The president of the Los Angeles chapter of the NAACP, Leon Jenkins, resigned Thursday, amid continued fallout from a decision to award embattled LA Clippers owner Donald Sterling and a report posted on The Root chronicling a history of Jenkins' misdeeds since his days of being a judge in Detroit during the 1980s.
In a letter to the national leader of the NAACP, Jenkins wrote, "In order to separate the Los Angeles NAACP and the NAACP from the negative exposure I have caused the NAACP, I respectfully resign my position as president of the Los Angeles NAACP."
Jenkins came under intense scrutiny after it was announced that the LA chapter of the NAACP planned to present Sterling with a second "lifetime achievement award" later this month.
TMZ had released recordings of Sterling in which the NBA owner is heard making racist remarks. The idea that Sterling had received not only one, but was in line for a second, award from the LA chapter upset many civil rights activists who noted Sterling's history of discrimination including two lawsuits and eventual monetary agreements to settle allegations that he refused to rent apartments to Hispanics and blacks and to families with children.
Amid the fallout from the Sterling recordings, Jenkins rescinded the award that Sterling was to have received May 15 during the Los Angeles chapter's 100th anniversary celebration.
Jenkins also said he would return money that Sterling had donated to the LA chapter. The New York Times reported that under Jenkins' tenure, the LA branch had received at least $45,000 since 2007.
Later, however, Jenkins indicated that he would continue a working relationship with Sterling, saying that he would be willing to forgive Sterling and was negotiating to get more money from the league owner.
"After a sustained period of proof to the African-American community that those words don't reflect his heart, I think there's room for forgiveness. I wouldn't be a Christian if I said there wasn't," Jenkins told the Associated Press. "We are negotiating with him about giving more monies to African-American students at UCLA, and so we are in preliminary discussions."
On Thursday, The Root published a report that initially ran in The Michigan Citizen stating that between 1984 and 1987 Jenkins routinely "sold the public trust" while he was a 36th District Court judge in Detroit.

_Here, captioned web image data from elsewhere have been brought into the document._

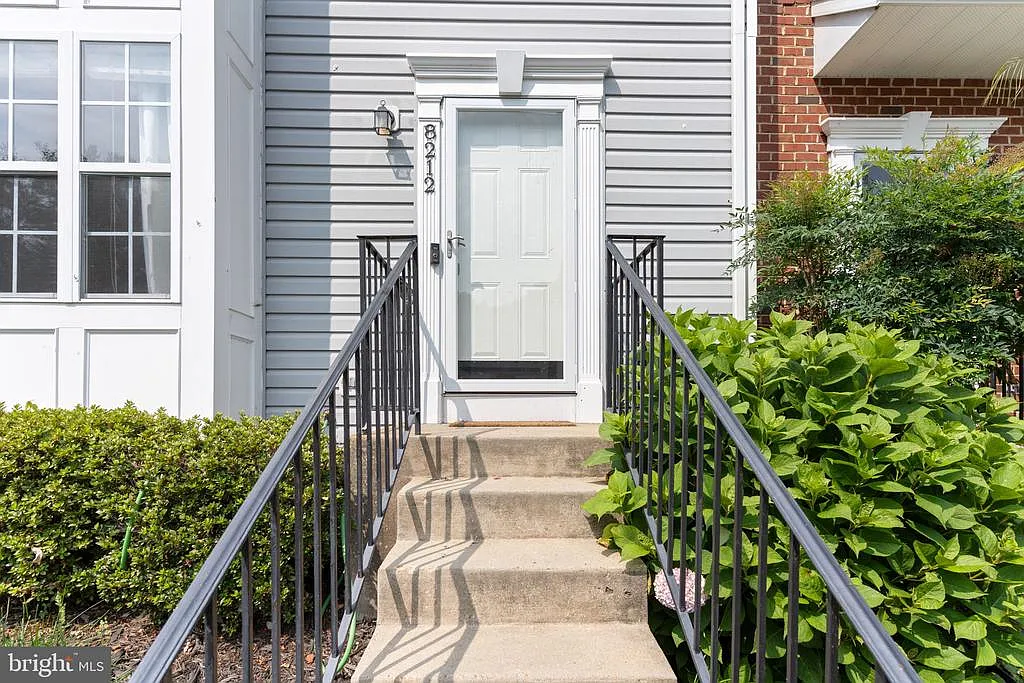 3 bed, 3.0 bath, 2262 sqft, $2,750 — Photo 4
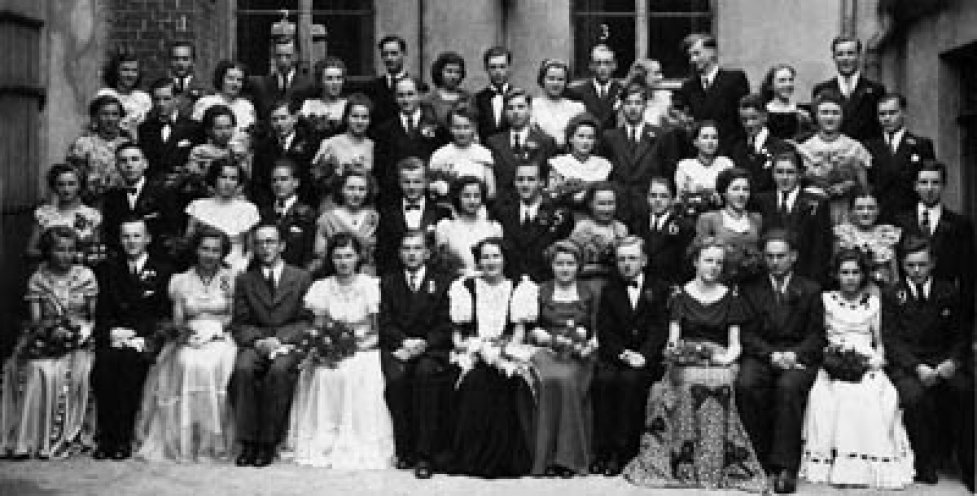 Die Werdauer Oberschüler bei ihrem Tanzstundenabschlussball 1950. Hintere Reihe: 2. v. l.: Joachim Gäbler, 4. v. l.: Theobald Körner, 10. v. l.: Heinz Rasch; 2. Reihe von vorne: 5. v. l.: Sigrid Roth, 8. v. l.: Siegfried Müller, 10. v. l.: Gerhard...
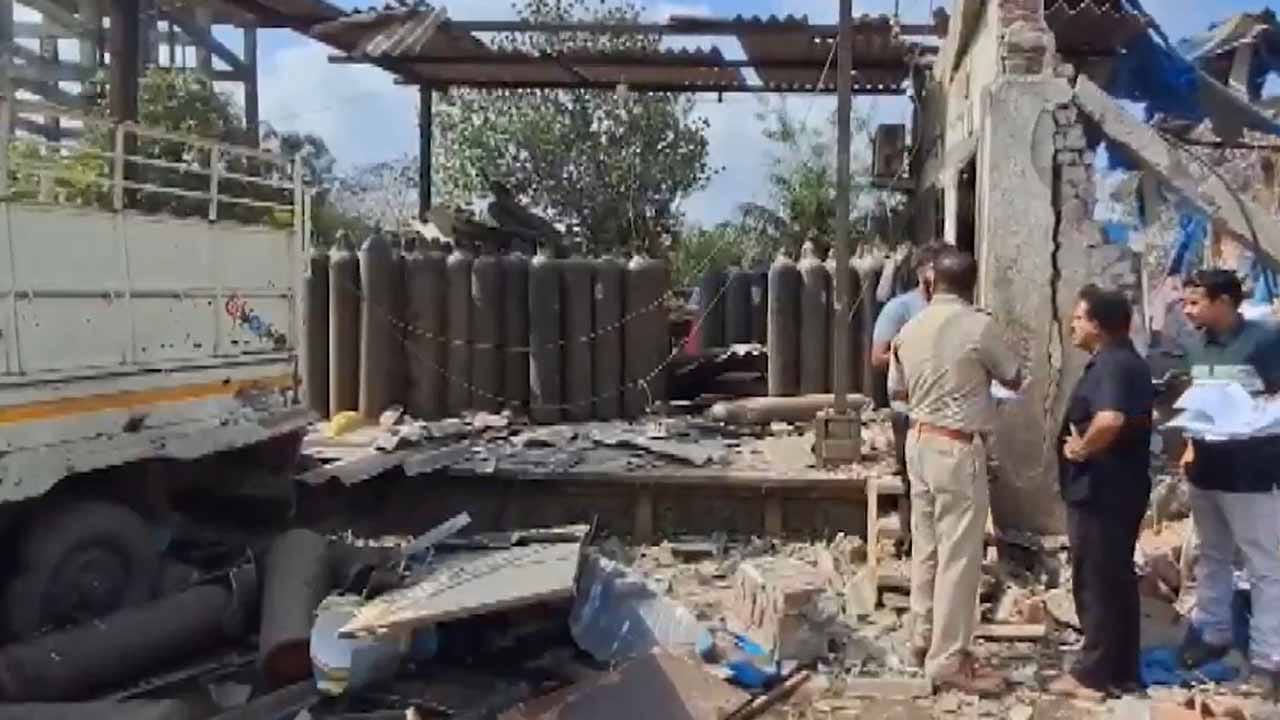 దాద్రానగర్‌ హహేలిలో భారీ పేలుడు.. నలుగురి మృతి , పలువురికి సీరియస్..!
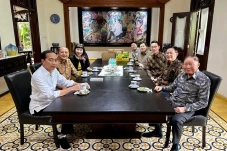 Jokowi Terima Taipan...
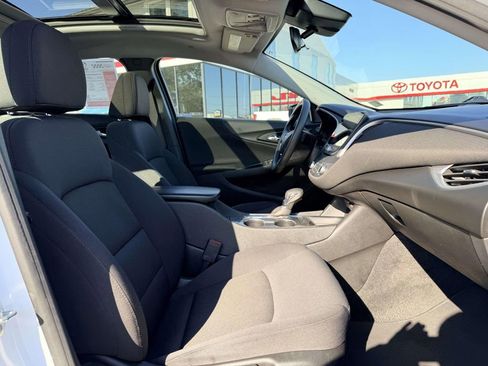 Used 2024 Chevrolet Malibu LT image 13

During that time, he was caught lying about his residency to get lower auto insurance rates, fixed tickets and accepted other bribes, according to the California Bar Journal. He was also observed on FBI surveillance taking money. He was disbarred in Michigan and, eventually, in California.
In a statement released by the national NAACP, the civil rights organization accepted Jenkins' resignation and said it will work to develop "guidelines for its branches to help them in their award selection process."